▸ **ABOUT THIS TASK**: Within the records below is a range that opens at the line with "Sir C.V. Raman" and closes at the line with "LG 60UQ90006LA 60′". Return that range word for word, both ends included, and only that range.

▸ **GIVEN RECORDS**:
---+---

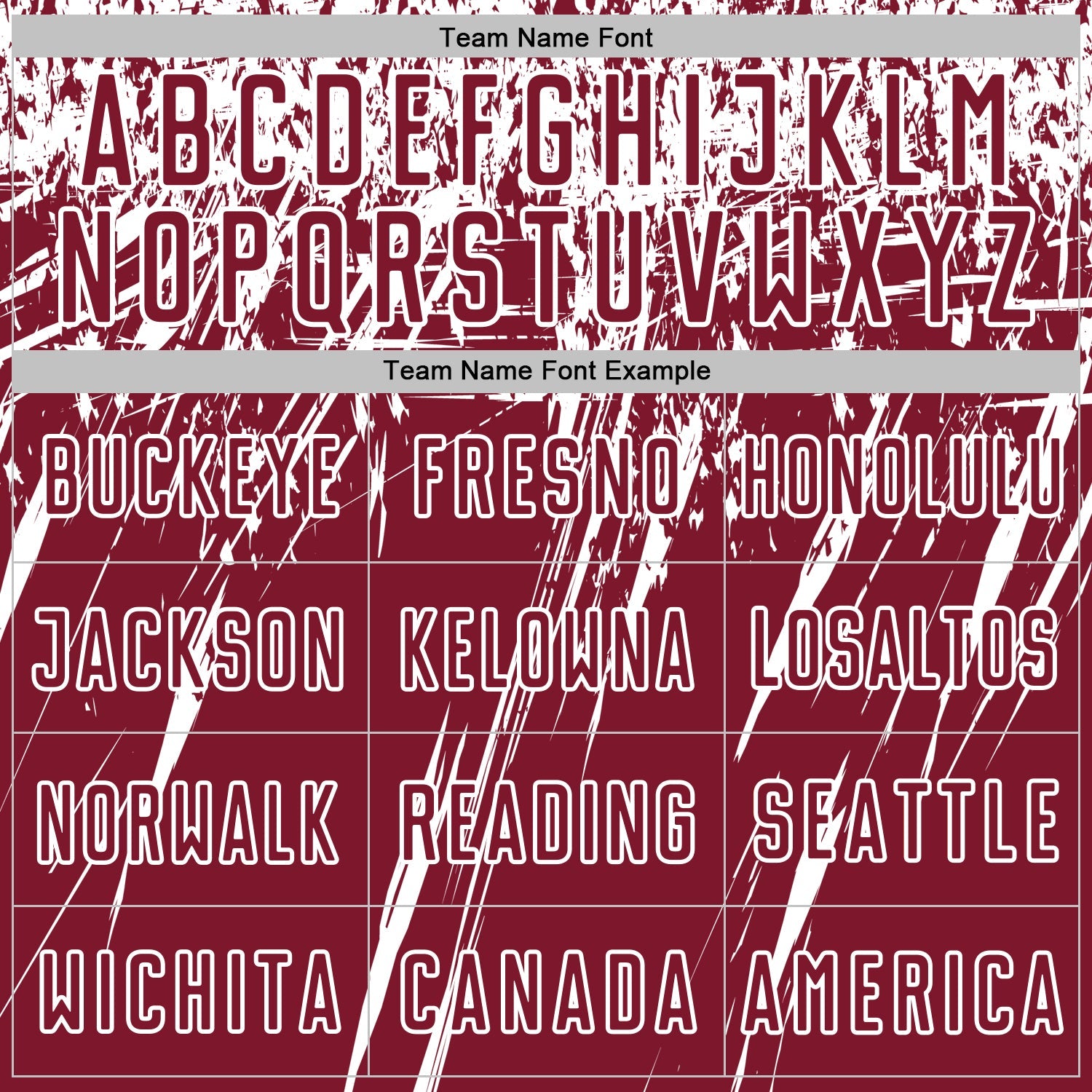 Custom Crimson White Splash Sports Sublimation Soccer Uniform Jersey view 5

---+---

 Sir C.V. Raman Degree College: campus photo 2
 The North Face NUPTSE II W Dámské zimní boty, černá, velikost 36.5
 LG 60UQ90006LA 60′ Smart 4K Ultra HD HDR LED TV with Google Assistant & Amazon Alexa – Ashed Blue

---+---

▸ **ANSWER BOX**:
 Sir C.V. Raman Degree College: campus photo 2
 The North Face NUPTSE II W Dámské zimní boty, černá, velikost 36.5
 LG 60UQ90006LA 60′ Smart 4K Ultra HD HDR LED TV with Google Assistant & Amazon Alexa – Ashed Blue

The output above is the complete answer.